The Firm’s procedures for dealing with specific conflicts of interest are found in Section 3 of this Code covering Personal Securities Transactions, and in the Firm’s Compliance Manual and corresponding policies and procedures, referenced herein, which have been designed specifically to address potential and actual conflicts of interests.

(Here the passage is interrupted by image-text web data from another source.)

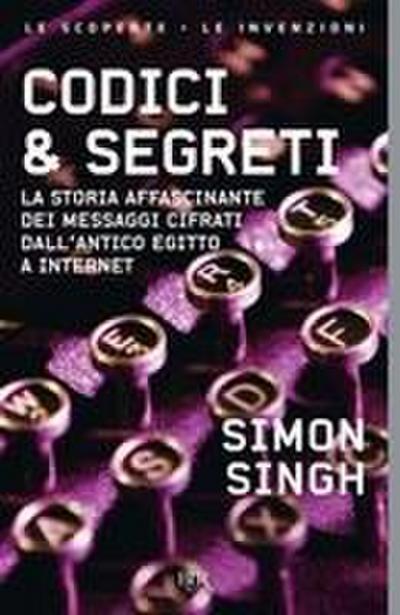 Codici & segreti. La storia affascinante dei messaggi cifrati dall’antico Egitto a Internet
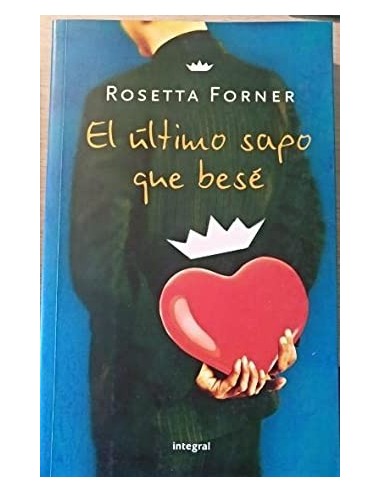 EL ÚLTIMO SAPO QUE BESÉ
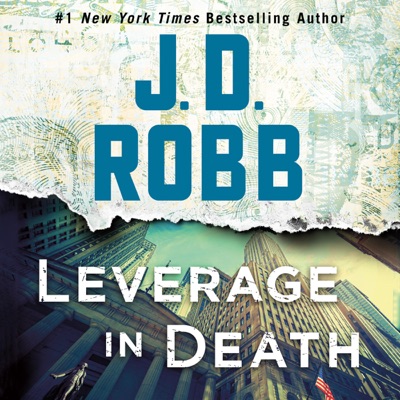 Leverage in Death: In Death, Book 47 (Unabridged)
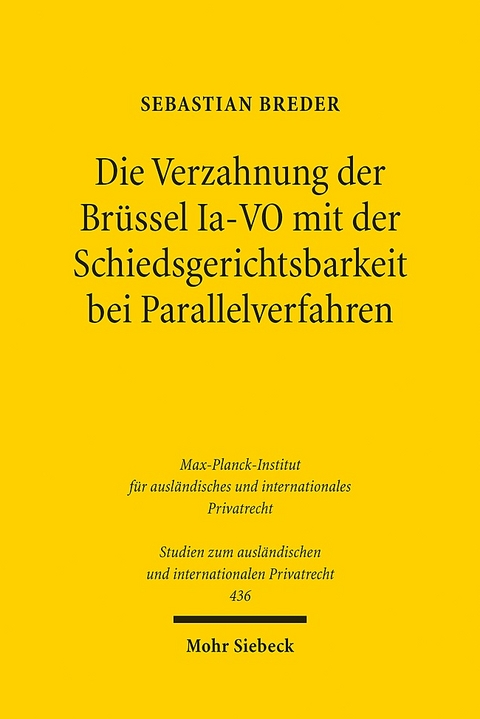 Die Verzahnung der Brüssel Ia-VO mit der Schiedsgerichtsbarkeit bei Parallelverfahren - Sebastian Breder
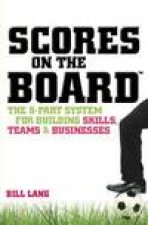 Scores on the Board The 5Part System for Building Skills Teams and Businesses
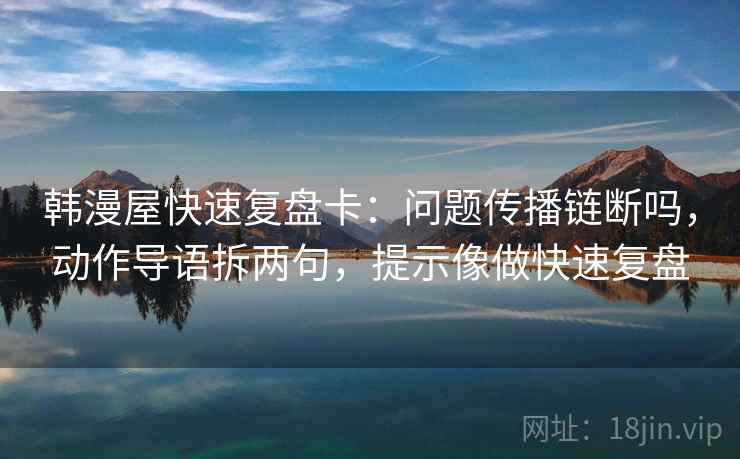韩漫屋快速复盘卡：问题传播链断吗，动作导语拆两句，提示像做快速复盘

4.2 – Compliance with Legal and Regulatory Requirements

Supervised Persons are not permitted, in connection with the purchase or sale, directly or indirectly, of a security held or to be acquired (as defined in Section 4.4) by the Firm’s clients:

 

  1.

To employ any device, scheme or artifice to defraud any client or prospective client;

 

  2.

May not knowingly make any untrue statement of material fact, or omit a statement of material fact, that is deemed necessary in making financial decisions, that would be misleading;

 

  3.

To engage in any act, practice or course of business which operates or would operate as a fraud or deceit upon such client;

 

  4.

To engage in any manipulative practice with respect to such client; or

 

  5.

To engage in any manipulative practice with respect to securities transactions, including but not limited to, price manipulation.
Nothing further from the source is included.